Наконец, картины символические и фантастические едва ли не всего более дали славы Штуку. Главные между ними: „Люцифер“, „Порок“, „Чувственность“, „Голова Медузы“, „Муки совести“; „Люцифер“ (1890) явился как бы второю половиной мысли Штука, выразившейся, за год раньше, в первой картине его „Хранитель рая“; (1889). Рай — это его ад. Но Штук никогда не отличался психологией и душевным выражением. Внешний вид, эффект, поразительность — были для него все. И потому в этих двух молодых символических фигурах „свет“ опять-таки был самым главным элементом. Для рая — громадный солнечный свет, наполнявший всю картину и окружавший довольно тщедушного юношу с мечом в руке, о который он опирался; для ада — два красных, ярких уголька, пронзительно светившихся из, растопыренных по-декадентски глаз, среди лица мрачной, черной, крылатой фигуры Люцифера, сидящего, свесив ноги, словно неаполитанской лацзарони на пристани у моря. В этих световых эффектах только и состояло, для Штука, все дело.
„Голова Медузы“ представляла точно так же два растопыренных глаза, фатально светящихся из середины поблекшего лица, окруженного змеями. И эти змеи, и лицо, и голова — обыкновенные, общие места, все дело состоит единственно лишь в одних глазах. Но эти глаза кажутся многим германцам до того оригинальными и многозначительными, что их повторяют где только можно. Так, например, Мутер напечатал эту голову с „глазами“ на заглавном листе своей „Истории живописи“. За что такая честь?
„Порок“ и „Чувственность“ — нагие молодые женские тела по низ живота, лоснящиеся, словно слоновая кость, и обвитые толстою змеею — удавом, состоящею из металлически сверкающих чешуек; плоская головка змеи со злобными глазами, лежащая на плече женщины, большая копна черных волос на голове, огромные, красивые невозмутимые глаза — вот в чем всего только и состояли у Штука и „Порок“ и „Чувственность“.
„Муки совести“ — слабая картина. Композиция ее напоминает картину Жироде: „Правосудие и Мщение преследуют Преступление“ (1808). Новая картина немецкого художника столько же ничтожна и условна как картина французского художника, лет за восемьдесят раньше, но по краскам вышло во много раз покрасивее.

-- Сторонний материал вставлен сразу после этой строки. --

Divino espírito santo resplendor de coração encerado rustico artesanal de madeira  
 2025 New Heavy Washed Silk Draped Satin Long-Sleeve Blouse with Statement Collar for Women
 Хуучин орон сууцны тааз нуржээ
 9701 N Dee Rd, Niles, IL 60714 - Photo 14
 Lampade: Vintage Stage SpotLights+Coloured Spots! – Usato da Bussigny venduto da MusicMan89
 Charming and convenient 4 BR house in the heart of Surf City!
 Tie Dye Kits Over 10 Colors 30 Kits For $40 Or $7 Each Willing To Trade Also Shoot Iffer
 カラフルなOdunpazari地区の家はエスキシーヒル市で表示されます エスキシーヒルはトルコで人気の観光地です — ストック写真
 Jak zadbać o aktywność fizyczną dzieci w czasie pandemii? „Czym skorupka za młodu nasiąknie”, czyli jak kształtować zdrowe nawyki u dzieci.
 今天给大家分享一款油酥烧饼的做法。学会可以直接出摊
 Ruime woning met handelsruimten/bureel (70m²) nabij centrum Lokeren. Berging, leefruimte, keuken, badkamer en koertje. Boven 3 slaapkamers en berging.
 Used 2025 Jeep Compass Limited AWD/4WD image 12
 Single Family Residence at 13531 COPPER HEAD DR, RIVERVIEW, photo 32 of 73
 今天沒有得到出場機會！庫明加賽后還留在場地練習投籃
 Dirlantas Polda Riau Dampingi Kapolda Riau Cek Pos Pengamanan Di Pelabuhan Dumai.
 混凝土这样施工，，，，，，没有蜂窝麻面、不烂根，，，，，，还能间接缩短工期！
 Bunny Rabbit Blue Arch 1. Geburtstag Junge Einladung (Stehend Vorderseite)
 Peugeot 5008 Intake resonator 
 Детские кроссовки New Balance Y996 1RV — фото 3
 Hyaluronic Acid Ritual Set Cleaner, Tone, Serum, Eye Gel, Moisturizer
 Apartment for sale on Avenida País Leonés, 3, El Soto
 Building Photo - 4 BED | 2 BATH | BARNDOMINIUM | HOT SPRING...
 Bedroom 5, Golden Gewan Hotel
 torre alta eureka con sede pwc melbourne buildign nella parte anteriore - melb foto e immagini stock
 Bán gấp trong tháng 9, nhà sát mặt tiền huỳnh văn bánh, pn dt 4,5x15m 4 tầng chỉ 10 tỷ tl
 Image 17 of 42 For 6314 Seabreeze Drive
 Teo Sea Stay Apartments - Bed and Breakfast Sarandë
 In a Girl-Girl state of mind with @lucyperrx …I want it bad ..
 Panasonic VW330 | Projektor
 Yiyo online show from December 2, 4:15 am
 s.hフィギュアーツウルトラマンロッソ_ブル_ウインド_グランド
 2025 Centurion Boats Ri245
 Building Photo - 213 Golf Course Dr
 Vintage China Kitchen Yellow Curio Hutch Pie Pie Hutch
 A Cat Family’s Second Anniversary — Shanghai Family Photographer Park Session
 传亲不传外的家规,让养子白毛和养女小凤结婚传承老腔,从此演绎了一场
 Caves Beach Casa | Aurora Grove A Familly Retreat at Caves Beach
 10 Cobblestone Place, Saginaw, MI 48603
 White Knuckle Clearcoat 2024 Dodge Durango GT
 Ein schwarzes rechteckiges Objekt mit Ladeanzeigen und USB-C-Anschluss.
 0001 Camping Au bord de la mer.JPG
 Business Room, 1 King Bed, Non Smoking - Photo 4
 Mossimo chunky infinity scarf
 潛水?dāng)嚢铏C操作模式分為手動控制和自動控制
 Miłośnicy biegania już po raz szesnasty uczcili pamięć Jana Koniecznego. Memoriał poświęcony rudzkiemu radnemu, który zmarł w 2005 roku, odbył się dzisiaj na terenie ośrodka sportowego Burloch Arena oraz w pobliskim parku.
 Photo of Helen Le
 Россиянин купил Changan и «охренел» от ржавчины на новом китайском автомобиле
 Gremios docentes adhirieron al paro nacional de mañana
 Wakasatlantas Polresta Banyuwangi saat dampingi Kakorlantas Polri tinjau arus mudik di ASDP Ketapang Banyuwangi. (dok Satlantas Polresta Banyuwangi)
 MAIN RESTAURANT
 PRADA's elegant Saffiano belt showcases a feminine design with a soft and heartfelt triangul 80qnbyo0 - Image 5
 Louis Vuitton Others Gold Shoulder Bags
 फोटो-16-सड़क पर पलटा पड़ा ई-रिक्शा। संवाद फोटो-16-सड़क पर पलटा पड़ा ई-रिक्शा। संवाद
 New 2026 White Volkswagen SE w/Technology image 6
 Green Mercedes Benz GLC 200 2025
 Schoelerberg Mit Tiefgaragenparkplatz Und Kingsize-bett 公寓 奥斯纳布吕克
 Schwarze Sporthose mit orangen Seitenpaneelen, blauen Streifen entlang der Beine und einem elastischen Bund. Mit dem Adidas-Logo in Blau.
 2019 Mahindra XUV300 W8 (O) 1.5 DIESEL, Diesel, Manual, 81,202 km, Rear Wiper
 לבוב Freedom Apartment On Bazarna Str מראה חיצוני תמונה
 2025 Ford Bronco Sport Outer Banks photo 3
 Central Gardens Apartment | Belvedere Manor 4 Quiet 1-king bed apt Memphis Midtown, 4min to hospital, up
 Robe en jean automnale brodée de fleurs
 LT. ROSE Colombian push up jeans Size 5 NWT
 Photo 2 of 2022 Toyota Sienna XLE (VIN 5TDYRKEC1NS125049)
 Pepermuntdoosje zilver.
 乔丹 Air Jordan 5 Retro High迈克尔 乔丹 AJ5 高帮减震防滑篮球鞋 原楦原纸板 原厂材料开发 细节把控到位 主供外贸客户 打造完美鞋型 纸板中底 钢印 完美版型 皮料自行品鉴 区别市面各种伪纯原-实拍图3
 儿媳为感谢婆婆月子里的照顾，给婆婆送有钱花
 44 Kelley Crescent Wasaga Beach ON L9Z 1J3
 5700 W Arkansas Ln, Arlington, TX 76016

Теперь я обращусь к тому новейшему немецкому художнику, который завоевал себе репутацию истинно громадную в Германии так скоро, как редко с кем из художников это случается, и притом почти без сопротивления с какой бы то ни было стороны. Это Макс Клингер.
В одном из самых молодых творений Клингера, его „Перчатке“, представлено множество фантастических событий, совершающихся с женской перчаткой (то ее уносит по воздуху волшебная птица, то она падает с корабля в бурное море и т. д.), и это вполне понятно и законно, так как все дело состоит здесь в сне, который видит молодой художник, поднявший на полу перчатку красивой незнакомки, пленившей его на катке. Но если художник начинает подавать нам картинки, где нарисована нагая нимфа, лежащая в пустыне на песке, а к ней подходят с объяснением в любви птицы марабу и фламинго, — или где целое стадо аистов идет получать новорожденных ребят из чьих-то волшебных рук, протянувшихся из глубины колодца, — или где раненный стрелою центавр скачет во весь опор через поле, а за ним гонятся другие центавры, — или где сидит высоко на тоненькой, как перо, веточке воздушная эльфа и оттуда щекотит былинкой в нос медведя, который не может до нее докарабкаться, — или где Ева приподнялась на цыпочки и глядит в зеркало, которое ей подставила змея, обвившаяся вокруг „древа познания добра и зла“, — или где двое нагих юношей, мальчик и девочка, страстно обнимаются, летя по воздуху на каких-то безобразных рыбах, а на них летят с неба чьи-то камни, а на земле внизу сидит улитка и поднимает, к ним свои рога, — или где нимфы любезничают в лесу с козлоногими фавнами, — или где молодые сирены целуются с тритонами, — или где лежит на постели молодая девушка, а громадный рак, чуть не с кита величиной, вполз на нее и грызет ей грудь, — там я скажу, что сколько бы ни было тут, может быть, грации, красивости, мастерства в рисунке, — все-таки это композиции праздные, ненужные, фальшивые, ничего не выражающие, кроме бестолкового каприза художника, а главное, композиции, где никаких откровений, никаких таинств бытия, никаких мировых идей, никакого „нового искусства“, никакого „пантеизма“ нет. Надо шарлатанить, надо самого себя и других морочить самым неистовым образом, чтобы находить тут, с немцами, мировые „тайны“, „душевную мистику“, „великие созерцания“, „уловленное дыхание жизни“, „бьющийся пульс природы“.